Cold Brew at Home

All chilled coffee is not created equal. Explore the process of cold-brewing a cup of coffee at home, and get adventurous with some new flavor trends.

By Asia Key

Jun 2017

Love iced coffee? You can brew it yourself with a few easy-to-find supplies—all available at your nearest grocery store.

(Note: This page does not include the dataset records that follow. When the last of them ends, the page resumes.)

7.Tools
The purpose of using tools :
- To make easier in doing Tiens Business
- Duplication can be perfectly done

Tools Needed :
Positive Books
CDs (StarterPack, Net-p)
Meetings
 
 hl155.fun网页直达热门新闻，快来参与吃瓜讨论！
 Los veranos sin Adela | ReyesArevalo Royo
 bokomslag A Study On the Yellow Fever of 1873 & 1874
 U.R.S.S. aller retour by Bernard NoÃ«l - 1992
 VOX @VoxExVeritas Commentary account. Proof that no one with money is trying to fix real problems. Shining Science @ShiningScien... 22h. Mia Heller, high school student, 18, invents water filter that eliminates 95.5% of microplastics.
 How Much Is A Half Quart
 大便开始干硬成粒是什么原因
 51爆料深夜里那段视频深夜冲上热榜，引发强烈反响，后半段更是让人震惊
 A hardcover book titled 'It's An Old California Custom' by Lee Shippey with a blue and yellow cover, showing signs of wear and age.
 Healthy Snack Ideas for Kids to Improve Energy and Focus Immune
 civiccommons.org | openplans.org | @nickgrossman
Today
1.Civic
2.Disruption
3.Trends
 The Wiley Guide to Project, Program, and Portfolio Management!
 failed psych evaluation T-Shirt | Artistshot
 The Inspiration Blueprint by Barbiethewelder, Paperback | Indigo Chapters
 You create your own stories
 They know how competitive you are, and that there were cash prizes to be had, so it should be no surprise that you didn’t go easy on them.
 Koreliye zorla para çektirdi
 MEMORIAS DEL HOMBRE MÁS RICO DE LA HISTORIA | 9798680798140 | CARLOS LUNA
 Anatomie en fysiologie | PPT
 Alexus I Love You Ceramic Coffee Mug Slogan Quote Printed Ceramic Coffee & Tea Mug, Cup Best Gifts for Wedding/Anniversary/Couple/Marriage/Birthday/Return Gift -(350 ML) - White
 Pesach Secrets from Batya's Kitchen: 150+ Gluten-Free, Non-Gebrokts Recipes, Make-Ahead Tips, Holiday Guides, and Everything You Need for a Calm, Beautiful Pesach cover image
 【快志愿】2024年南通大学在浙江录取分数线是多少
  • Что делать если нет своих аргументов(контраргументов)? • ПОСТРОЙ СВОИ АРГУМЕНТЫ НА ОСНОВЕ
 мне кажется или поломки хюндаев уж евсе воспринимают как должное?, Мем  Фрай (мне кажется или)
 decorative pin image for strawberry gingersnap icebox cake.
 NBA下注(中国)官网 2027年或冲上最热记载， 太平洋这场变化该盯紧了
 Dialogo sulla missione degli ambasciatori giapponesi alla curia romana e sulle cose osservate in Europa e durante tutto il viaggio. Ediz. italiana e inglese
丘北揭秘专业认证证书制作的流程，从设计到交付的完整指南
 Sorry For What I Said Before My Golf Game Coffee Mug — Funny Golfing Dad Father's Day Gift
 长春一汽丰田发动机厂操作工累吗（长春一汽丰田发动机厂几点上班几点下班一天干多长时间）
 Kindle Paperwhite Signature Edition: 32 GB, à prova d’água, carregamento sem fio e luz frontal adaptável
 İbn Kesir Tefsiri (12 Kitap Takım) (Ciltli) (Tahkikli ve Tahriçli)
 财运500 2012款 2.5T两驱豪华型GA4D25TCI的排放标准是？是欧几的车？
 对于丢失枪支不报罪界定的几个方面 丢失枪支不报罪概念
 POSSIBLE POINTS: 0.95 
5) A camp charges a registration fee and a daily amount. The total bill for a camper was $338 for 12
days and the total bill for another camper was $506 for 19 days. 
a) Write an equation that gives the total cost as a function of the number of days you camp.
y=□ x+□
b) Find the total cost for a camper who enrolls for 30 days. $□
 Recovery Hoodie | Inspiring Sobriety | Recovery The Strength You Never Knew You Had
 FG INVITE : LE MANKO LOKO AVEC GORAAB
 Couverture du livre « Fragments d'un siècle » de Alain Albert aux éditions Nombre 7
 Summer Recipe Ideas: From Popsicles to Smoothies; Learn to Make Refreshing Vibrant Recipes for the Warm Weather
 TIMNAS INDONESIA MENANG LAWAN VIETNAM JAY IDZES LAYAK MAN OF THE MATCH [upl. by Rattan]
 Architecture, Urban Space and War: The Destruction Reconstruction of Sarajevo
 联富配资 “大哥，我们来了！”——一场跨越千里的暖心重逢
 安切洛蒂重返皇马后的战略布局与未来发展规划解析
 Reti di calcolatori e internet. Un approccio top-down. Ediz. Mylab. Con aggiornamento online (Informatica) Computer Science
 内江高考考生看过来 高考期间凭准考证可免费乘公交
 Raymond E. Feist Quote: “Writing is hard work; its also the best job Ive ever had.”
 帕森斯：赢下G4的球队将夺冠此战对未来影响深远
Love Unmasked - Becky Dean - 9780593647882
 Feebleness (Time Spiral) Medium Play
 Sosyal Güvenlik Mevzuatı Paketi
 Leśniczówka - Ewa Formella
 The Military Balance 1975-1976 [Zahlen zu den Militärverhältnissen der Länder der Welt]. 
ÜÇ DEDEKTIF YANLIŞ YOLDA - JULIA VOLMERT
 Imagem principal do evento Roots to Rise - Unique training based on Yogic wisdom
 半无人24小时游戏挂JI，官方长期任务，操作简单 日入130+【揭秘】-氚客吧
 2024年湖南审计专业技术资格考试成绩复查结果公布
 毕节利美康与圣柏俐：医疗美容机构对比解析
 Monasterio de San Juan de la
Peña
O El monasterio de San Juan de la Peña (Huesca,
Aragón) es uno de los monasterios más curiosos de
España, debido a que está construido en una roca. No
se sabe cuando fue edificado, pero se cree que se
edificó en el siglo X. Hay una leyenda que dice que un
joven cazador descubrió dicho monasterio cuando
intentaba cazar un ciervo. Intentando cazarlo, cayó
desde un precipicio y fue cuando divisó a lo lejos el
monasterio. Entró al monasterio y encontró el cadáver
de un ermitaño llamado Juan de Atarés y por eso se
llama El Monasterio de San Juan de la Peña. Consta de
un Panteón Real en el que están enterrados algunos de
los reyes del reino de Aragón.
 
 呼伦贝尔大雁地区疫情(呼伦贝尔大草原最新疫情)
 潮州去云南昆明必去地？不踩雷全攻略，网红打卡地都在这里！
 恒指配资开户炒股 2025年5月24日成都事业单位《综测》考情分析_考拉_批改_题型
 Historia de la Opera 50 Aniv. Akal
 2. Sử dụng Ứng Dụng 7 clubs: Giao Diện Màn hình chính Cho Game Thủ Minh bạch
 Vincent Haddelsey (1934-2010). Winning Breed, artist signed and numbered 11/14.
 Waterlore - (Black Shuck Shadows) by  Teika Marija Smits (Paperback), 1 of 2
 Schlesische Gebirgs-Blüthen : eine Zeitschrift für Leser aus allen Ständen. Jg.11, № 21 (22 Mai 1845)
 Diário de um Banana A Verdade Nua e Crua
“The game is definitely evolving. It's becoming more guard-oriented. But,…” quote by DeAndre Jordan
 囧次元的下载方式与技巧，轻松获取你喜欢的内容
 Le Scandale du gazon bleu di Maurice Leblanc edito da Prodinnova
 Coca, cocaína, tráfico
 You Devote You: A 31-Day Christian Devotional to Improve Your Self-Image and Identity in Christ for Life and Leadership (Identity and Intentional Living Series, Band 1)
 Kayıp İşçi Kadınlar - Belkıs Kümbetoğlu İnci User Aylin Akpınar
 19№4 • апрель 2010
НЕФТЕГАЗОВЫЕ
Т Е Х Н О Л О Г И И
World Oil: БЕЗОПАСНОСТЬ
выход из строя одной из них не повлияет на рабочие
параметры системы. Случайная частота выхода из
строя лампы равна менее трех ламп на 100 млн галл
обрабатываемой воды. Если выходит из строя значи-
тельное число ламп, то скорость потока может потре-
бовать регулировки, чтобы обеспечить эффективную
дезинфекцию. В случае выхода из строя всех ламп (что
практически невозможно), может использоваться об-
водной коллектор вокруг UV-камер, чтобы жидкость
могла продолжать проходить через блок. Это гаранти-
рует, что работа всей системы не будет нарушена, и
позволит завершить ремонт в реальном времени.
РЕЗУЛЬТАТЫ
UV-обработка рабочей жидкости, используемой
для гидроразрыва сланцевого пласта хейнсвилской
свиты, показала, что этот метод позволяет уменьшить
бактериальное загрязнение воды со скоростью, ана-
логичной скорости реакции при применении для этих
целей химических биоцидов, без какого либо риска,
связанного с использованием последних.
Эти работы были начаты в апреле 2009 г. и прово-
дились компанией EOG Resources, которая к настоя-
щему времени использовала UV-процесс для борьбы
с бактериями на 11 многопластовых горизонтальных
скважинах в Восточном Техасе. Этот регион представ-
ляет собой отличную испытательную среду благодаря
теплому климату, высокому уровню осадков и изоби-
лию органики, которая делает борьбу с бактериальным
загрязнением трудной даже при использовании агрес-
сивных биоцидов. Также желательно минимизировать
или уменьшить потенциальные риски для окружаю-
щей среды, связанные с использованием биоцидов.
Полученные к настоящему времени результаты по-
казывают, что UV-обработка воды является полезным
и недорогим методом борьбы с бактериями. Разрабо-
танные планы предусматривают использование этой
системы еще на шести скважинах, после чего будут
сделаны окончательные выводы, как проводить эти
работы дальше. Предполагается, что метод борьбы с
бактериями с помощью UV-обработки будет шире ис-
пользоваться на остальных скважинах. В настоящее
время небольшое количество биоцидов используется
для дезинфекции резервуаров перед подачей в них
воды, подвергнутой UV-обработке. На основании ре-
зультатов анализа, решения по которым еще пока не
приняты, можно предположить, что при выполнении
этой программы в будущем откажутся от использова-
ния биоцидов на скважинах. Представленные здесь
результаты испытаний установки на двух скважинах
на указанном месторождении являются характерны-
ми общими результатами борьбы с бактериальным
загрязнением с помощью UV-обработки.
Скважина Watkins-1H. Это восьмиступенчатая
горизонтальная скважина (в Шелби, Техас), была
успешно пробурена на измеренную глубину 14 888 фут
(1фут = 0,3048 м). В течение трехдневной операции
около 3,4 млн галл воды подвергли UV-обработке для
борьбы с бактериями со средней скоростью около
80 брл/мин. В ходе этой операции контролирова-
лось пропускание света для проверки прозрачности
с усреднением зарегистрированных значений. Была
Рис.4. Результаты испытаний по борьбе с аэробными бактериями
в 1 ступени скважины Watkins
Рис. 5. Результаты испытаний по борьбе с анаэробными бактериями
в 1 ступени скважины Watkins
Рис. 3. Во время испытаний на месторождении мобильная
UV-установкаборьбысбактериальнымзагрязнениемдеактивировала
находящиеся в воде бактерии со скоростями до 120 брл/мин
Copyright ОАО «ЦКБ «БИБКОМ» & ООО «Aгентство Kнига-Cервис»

Let’s get one thing straight: Iced coffee is not cold-brewed coffee. To break it down, iced coffee is chilled hot coffee poured into a cup filled with ice. This produces a bitter beverage that will likely put some hair on your chest. Instead, a cold-brewed cup of coffee has been steeped in cold water for 12 to 24 hours and then strained—making it less acidic and more caffeinated. We talked to Jesse Peters, the head barista at Eurasia Cafe, and Jordan Beever, Brick & Mortar Coffee’s bar manager, for tips on making cold-brewed coffee at home.

Benefits of the Home Brew

You know what you like. You know what you put in and thus, what will come out. And you’ll feel like a superhero for conquering something new. “The sense of invention and accomplishment when you brew something yourself is awesome,” Peters says. It can be challenging, but it’s all worth it to prepare that perfect cup of cold brew. Beever adds that anything you start and finish yourself, without the help of a professional or any extra money, is validating and empowering. “Learning is the spice of life,” Beever says. 

What You Need

Both coffee commanders claim you only need a Mason jar, toddy maker or Tupperware; coarse coffee filters; a coffee grinder; a strainer; and a spoon to get started. Luckily, all can be found at the grocery store. “You’ll want something you can keep secured in the fridge for a few hours,” Peters says. “Simply add your ingredients, close the container and let it sit. You may want to stir or shake it at some point in the process. Once you’re ready to taste it, the coffee needs to be filtered with a strainer or coffee filter.”

The Perfect Grind 

DIY is all about experimenting to find out what works. According to Peters, the best thing is to start with a set measurement of beans in ounces, grams or tablespoons. The amount of water varies depending on how much coffee you want at the end of the brewing process. “A good starting point for cold brew is a 15-to-1 ratio. [For] 30 ounces of water [you need] 2 ounces of beans, or [for] 300 grams of water, 20 grams of beans,” Peters says. Beever suggests starting with a coarser grind and room temperature water instead of cold. You can find fresh, ethically sourced beans at Brick & Mortar Coffee (1666 E. Saint Louis St., Springfield, 417-812-6539), Eurasia Coffee & Tea (445 E. Commercial St., Springfield, 417-720-1949), or any coffee shop in Springfield.

What’s Your Flavor?

There are always new trends to incorporate in your home-brewing process and endless possibilities for a new flavor profile. “One of the trends I’ve seen is whiskey barrel–infusion during the green stage of the coffee bean,” Peters says. “This allows the beans to pick up a unique flavor profile from the aged barrel, which comes out in the coffee after the roasting and brewing processes. Adding spices or fruit like cinnamon, mint or orange peel to the brew process can also add flavor and uniqueness to your cold brew. I’ve even seen a barista brew coffee over a container of ice and strawberry slices for a strawberry infused flavor.” Consider your own preferences, and remember there’s no limit to what you can brew.